• **Task goal**
Could you retype exactly the lines running from the line with "Winterbanden met velg" to the end of the data, both included, and nothing else?

[Stored data entries]

★ ★ ★

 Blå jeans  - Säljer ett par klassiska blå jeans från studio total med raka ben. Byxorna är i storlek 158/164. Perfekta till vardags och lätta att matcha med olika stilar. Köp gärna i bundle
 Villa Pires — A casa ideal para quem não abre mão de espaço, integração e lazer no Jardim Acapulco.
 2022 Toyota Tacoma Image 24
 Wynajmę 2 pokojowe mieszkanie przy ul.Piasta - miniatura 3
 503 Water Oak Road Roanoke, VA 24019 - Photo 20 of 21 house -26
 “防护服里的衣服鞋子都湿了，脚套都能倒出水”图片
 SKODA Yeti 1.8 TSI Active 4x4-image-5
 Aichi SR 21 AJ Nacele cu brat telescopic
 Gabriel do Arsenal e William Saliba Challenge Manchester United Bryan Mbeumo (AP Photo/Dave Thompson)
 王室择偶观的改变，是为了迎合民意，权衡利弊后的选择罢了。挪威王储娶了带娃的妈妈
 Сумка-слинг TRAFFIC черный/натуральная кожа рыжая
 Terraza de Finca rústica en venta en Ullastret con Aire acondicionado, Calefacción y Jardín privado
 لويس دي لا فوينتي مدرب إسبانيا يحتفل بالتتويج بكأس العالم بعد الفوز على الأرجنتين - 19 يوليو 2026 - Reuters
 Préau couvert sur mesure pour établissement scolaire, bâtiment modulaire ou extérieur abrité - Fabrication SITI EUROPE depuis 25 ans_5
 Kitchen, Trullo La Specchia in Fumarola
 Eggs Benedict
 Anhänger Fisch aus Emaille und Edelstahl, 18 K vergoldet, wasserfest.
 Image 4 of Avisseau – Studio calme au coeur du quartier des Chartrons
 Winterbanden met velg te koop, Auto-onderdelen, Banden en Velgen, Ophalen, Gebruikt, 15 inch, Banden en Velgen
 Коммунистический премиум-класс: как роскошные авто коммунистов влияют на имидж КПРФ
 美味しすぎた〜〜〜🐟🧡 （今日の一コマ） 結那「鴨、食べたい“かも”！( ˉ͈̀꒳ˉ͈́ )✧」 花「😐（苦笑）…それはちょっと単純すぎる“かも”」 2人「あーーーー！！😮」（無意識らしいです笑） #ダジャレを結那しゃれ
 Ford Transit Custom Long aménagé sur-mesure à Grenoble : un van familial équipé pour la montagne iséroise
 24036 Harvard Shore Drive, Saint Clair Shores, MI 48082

★ ★ ★

• **Completed exercise**
 Winterbanden met velg te koop, Auto-onderdelen, Banden en Velgen, Ophalen, Gebruikt, 15 inch, Banden en Velgen
 Коммунистический премиум-класс: как роскошные авто коммунистов влияют на имидж КПРФ
 美味しすぎた〜〜〜🐟🧡 （今日の一コマ） 結那「鴨、食べたい“かも”！( ˉ͈̀꒳ˉ͈́ )✧」 花「😐（苦笑）…それはちょっと単純すぎる“かも”」 2人「あーーーー！！😮」（無意識らしいです笑） #ダジャレを結那しゃれ
 Ford Transit Custom Long aménagé sur-mesure à Grenoble : un van familial équipé pour la montagne iséroise
 24036 Harvard Shore Drive, Saint Clair Shores, MI 48082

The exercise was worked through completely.